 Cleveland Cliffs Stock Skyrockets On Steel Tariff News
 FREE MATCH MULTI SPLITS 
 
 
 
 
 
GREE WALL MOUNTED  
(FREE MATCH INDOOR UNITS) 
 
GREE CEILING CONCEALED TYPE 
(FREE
# # #
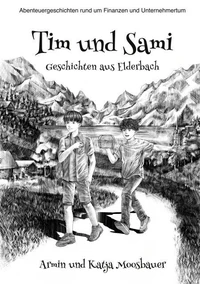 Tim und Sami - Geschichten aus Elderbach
# # #
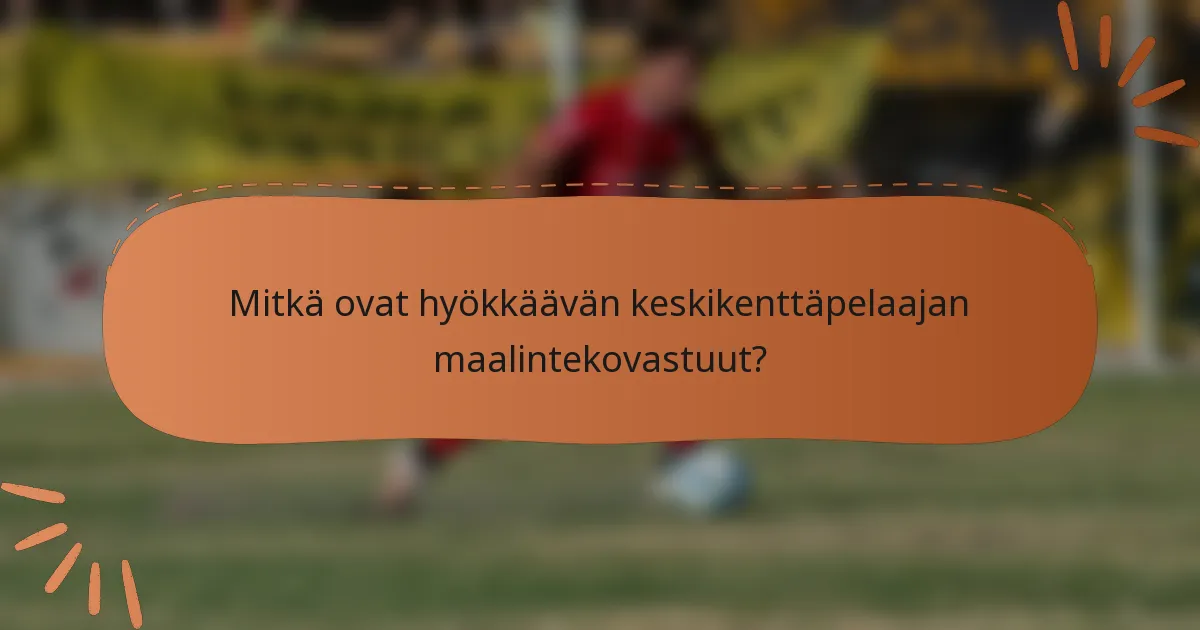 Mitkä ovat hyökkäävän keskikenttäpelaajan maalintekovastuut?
# # #
### [What you should do]
When the word "FREE" shows up in a line of the entries, pull that line out.

### [Result for this exercise]
 FREE MATCH MULTI SPLITS 
(FREE MATCH INDOOR UNITS) 
(FREE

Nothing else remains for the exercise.